What needs to be done: Your output should be exactly the lines from the one containing "England National Football" through the final line of the following data, please, with no pictures.

┌────────

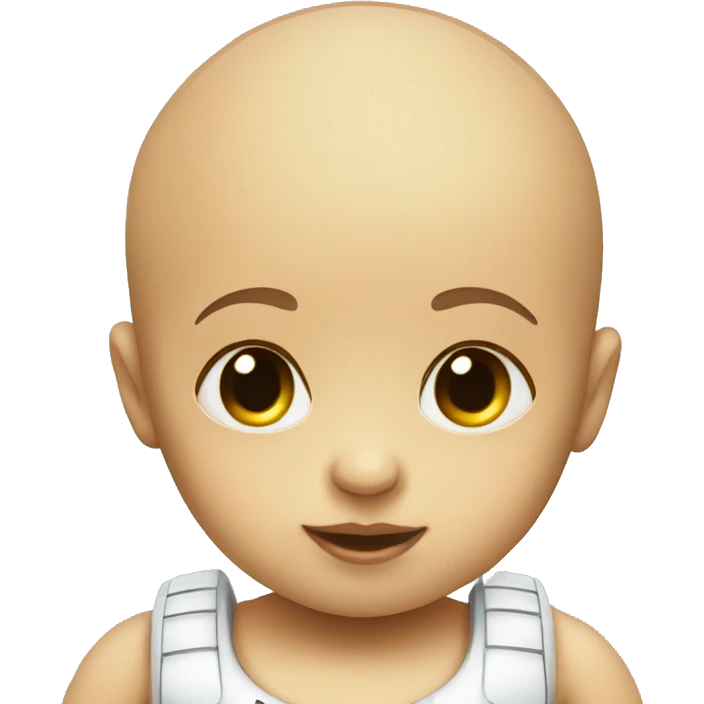 A robotic baby emoji
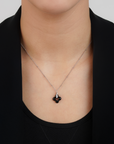 Silver Clover Necklace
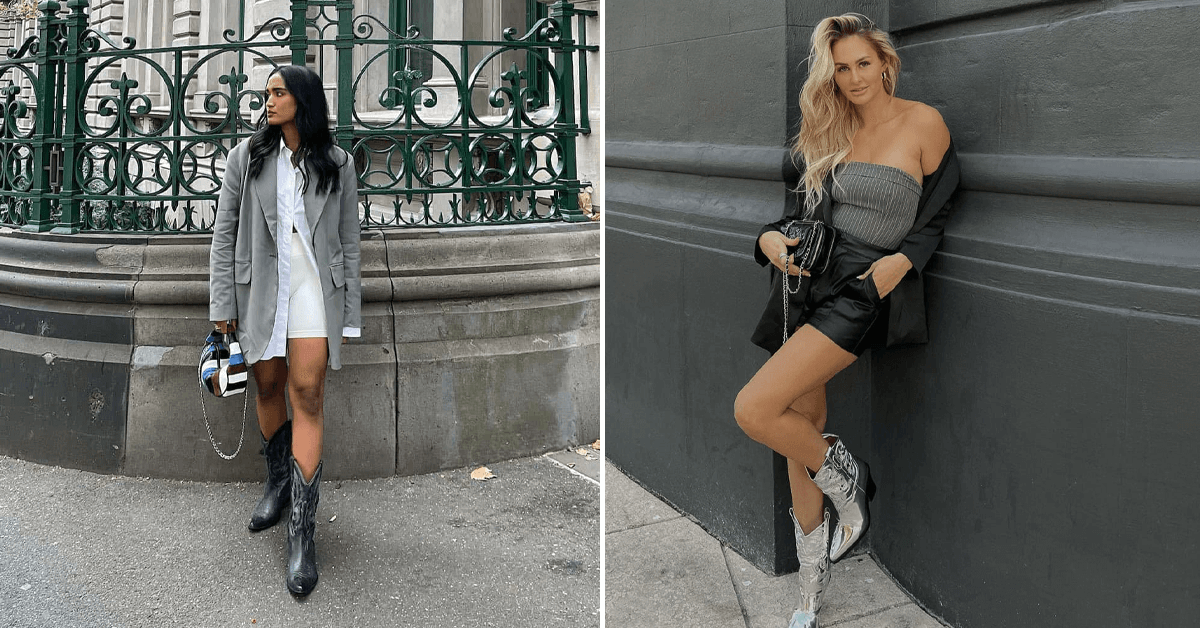 11+ Ways To Style Cowboy Boots With Shorts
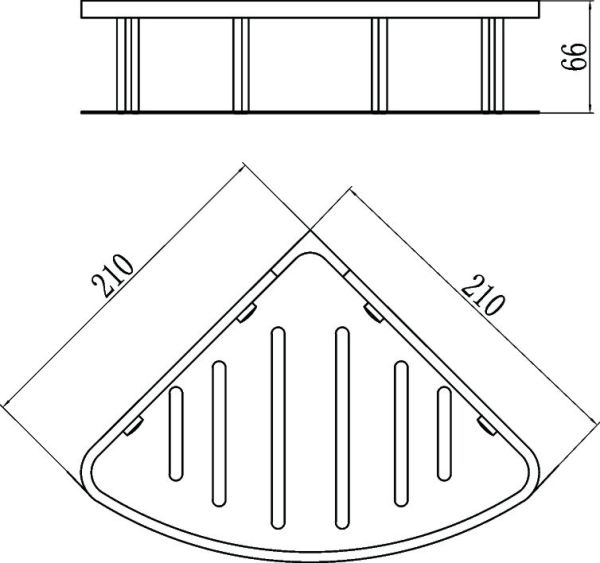 Savol S-002677 Полка решетка угловая одинарная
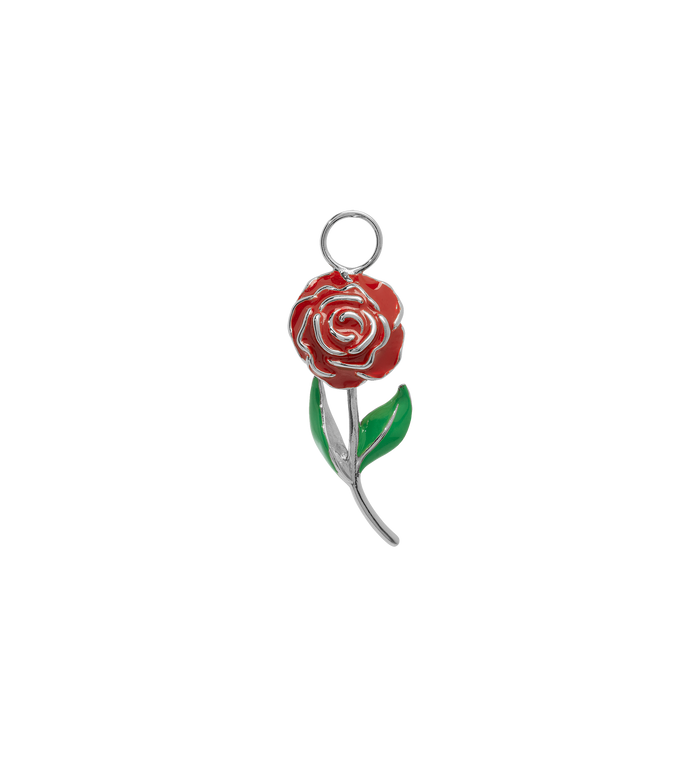 Anna Nina Roses Are Red Charm Silver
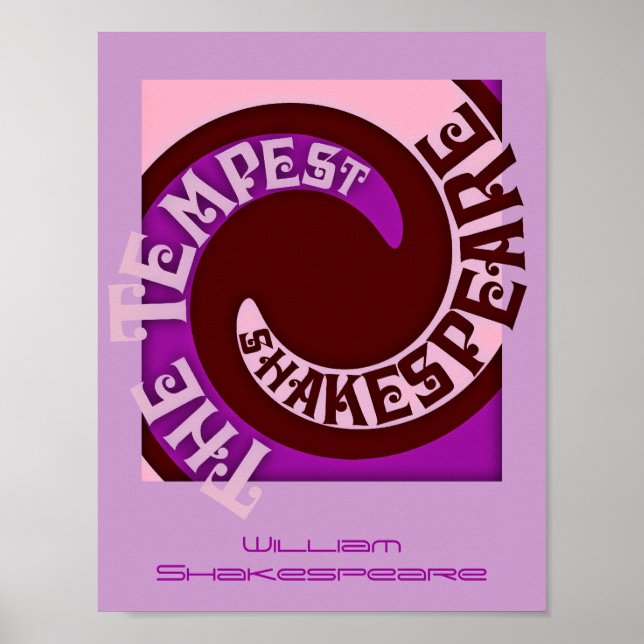Theater The Tempest Play Promo William Shakespeare Poster (Vorne)
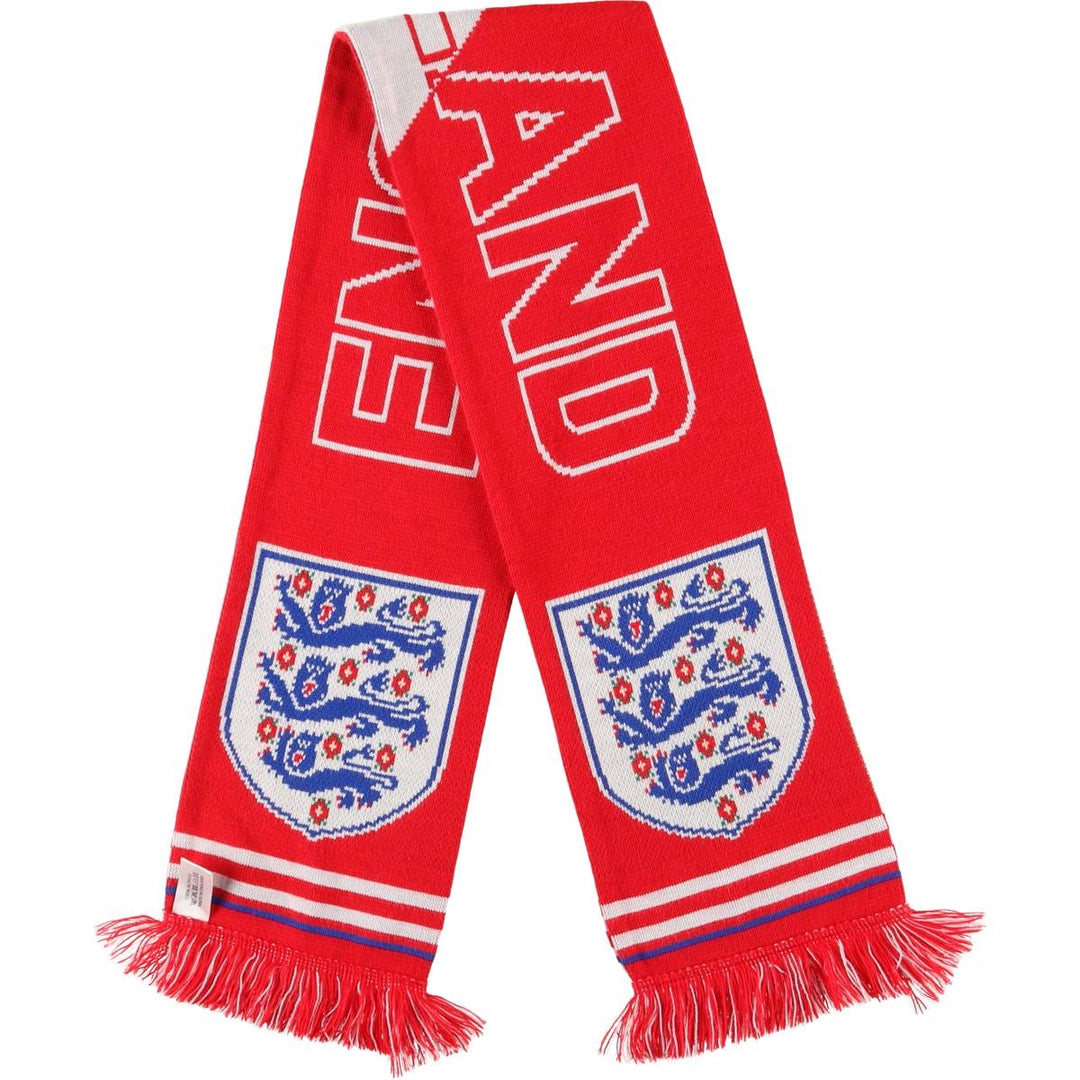 England National Football Team Acrylic Scarf Made in the UK acrylic red type Vintage Second Hand
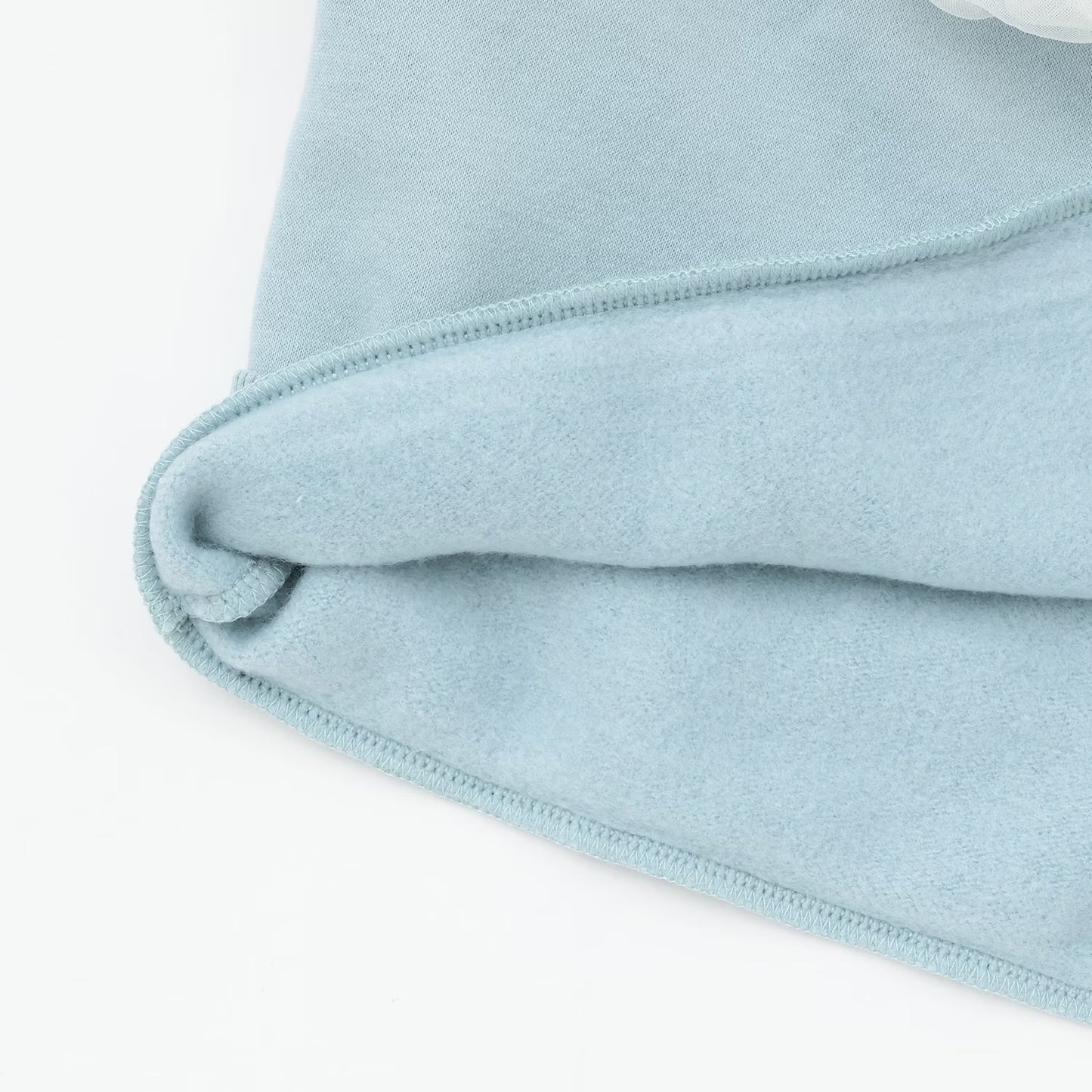 日本童裝 Ly# mine 抓毛緞帶薄紗拼接衛衣 100-150cm 女童款 冬季 TOPS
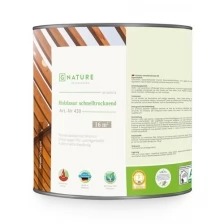 GNature 430, Holzlasur schnelltrocknend Быстросохнущая лазурь для дерева на основе масла и смол, с УФ фильтром и антисептиком, прозрачная 0,75 л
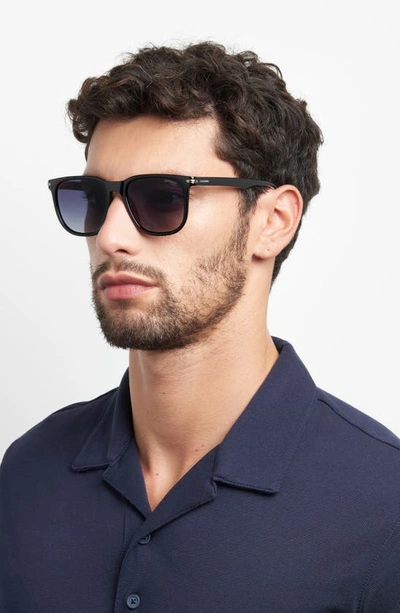 Carrera Eyewear 54mm Rectangular Sunglasses In Black Grey Shaded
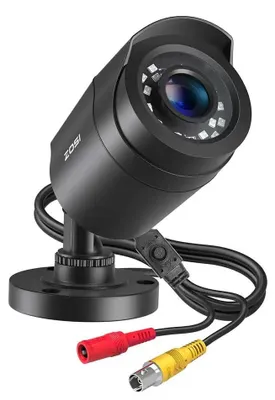 Image de Caméra de sécurité, résolution 1080p, vision nocturne infrarouge, noir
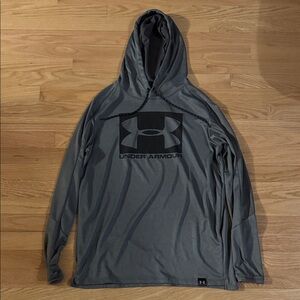 Under Armour Charcoal Pullover Hoodie L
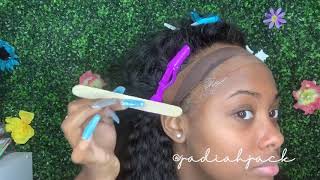 Half Up Half Down Beach Curl 360 Frontal Wig Install Ft  Bea Hairs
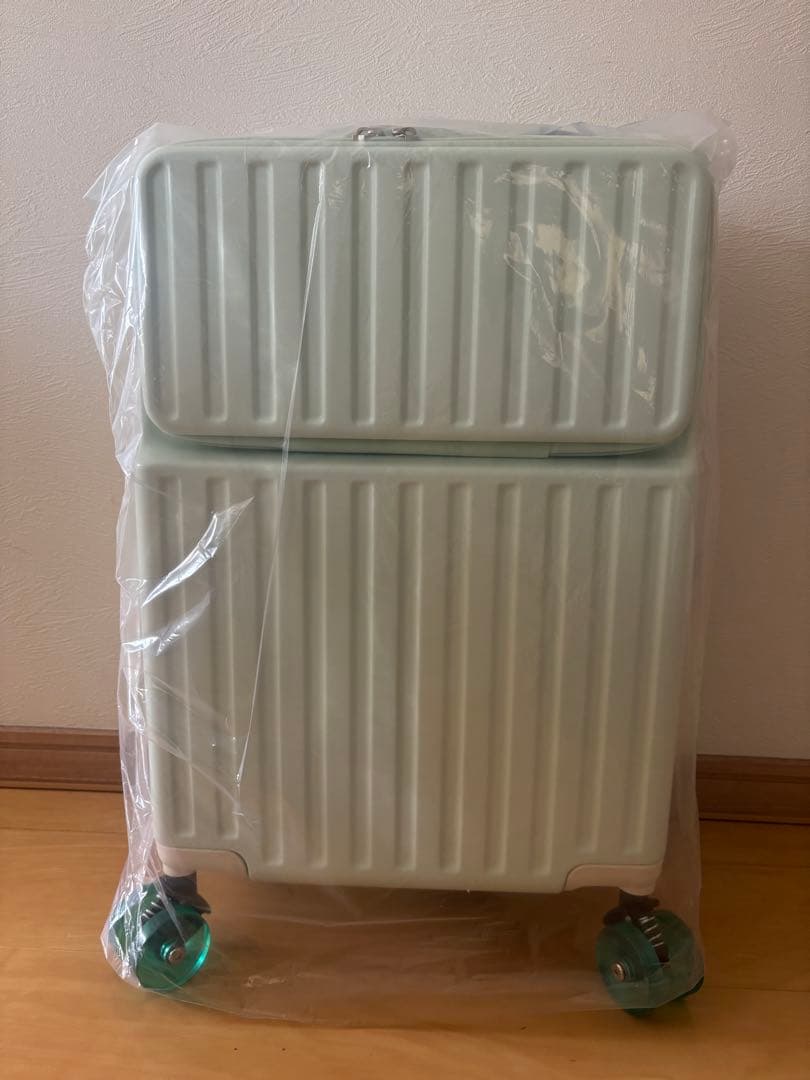スーツケース Sサイズ フロントオープン 機内持ち込み USB カップホルダー付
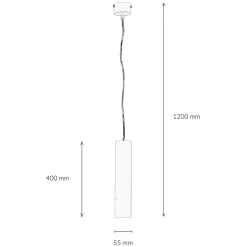 Hängelampen|Esszimmer Lampen*Nowodvorski Moderne Pendelleuchte in anthrazit 24/120 cm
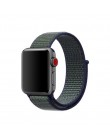 Z paskiem sportowym dla pasek do Apple Watch 4 3 44mm 42mm 38mm 40mm iwatch pas 5/4 /3/2/1 bransoletka dwuwarstwowy nylonowy spl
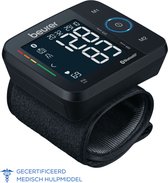 Bol.com Beurer BC 54 Bloeddrukmeter pols - Inflation Technology: meet al tijdens oppompen - Bluetooth® - HealthManager Pro app -... aanbieding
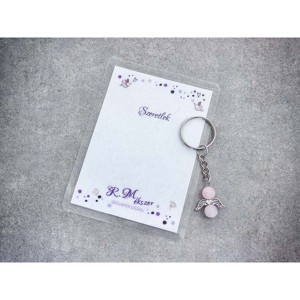 Szeretlek kulcstartó szerettednek rózsakvarccal, Táska & Tok, Kulcstartó & Táskadísz, Kulcstartó, , MESKA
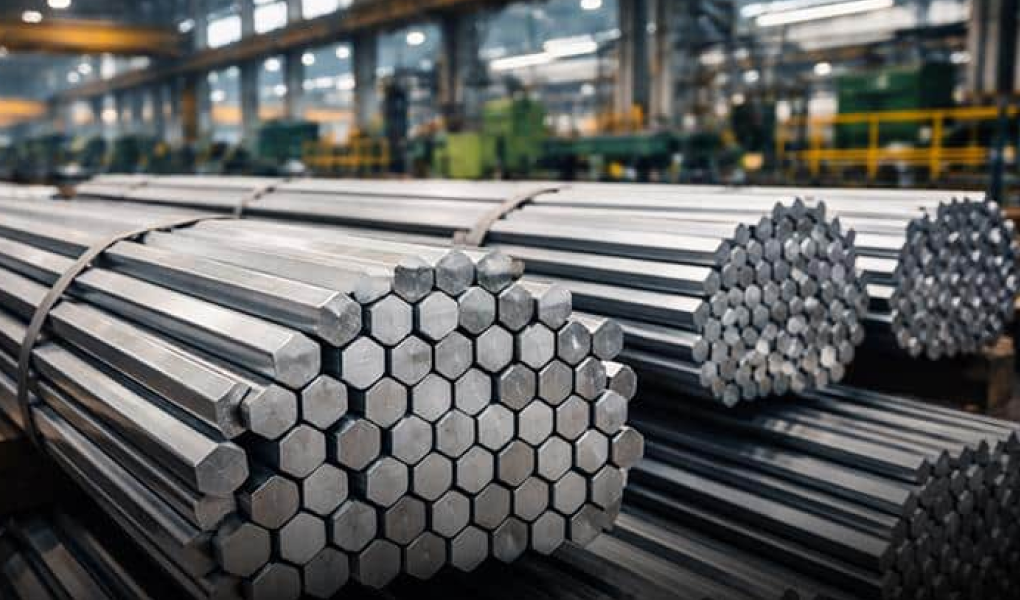 Hex steel bars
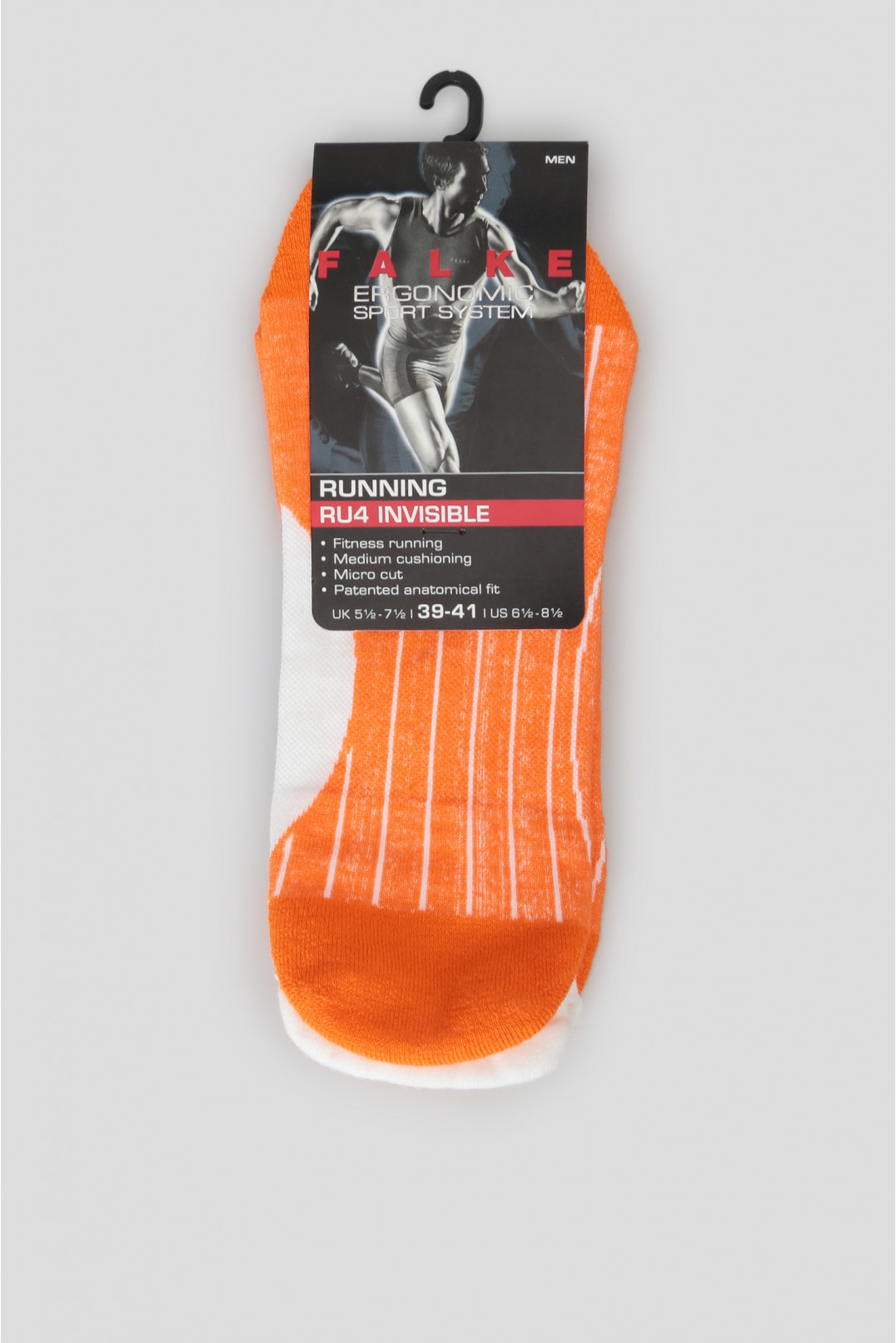 Мужские оранжевые носки для бега RU4 IN 1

└────────

Answer space:
 England National Football Team Acrylic Scarf Made in the UK acrylic red type Vintage Second Hand
 日本童裝 Ly# mine 抓毛緞帶薄紗拼接衛衣 100-150cm 女童款 冬季 TOPS
 GNature 430, Holzlasur schnelltrocknend Быстросохнущая лазурь для дерева на основе масла и смол, с УФ фильтром и антисептиком, прозрачная 0,75 л
 Carrera Eyewear 54mm Rectangular Sunglasses In Black Grey Shaded
 Image de Caméra de sécurité, résolution 1080p, vision nocturne infrarouge, noir
 Under Armour Charcoal Pullover Hoodie L
 Half Up Half Down Beach Curl 360 Frontal Wig Install Ft  Bea Hairs
スーツケース Sサイズ フロントオープン 機内持ち込み USB カップホルダー付
 Hängelampen|Esszimmer Lampen*Nowodvorski Moderne Pendelleuchte in anthrazit 24/120 cm
 Z paskiem sportowym dla pasek do Apple Watch 4 3 44mm 42mm 38mm 40mm iwatch pas 5/4 /3/2/1 bransoletka dwuwarstwowy nylonowy spl
 Bol.com Beurer BC 54 Bloeddrukmeter pols - Inflation Technology: meet al tijdens oppompen - Bluetooth® - HealthManager Pro app -... aanbieding
 Szeretlek kulcstartó szerettednek rózsakvarccal, Táska & Tok, Kulcstartó & Táskadísz, Kulcstartó, , MESKA
 Hex steel bars
 Мужские оранжевые носки для бега RU4 IN 1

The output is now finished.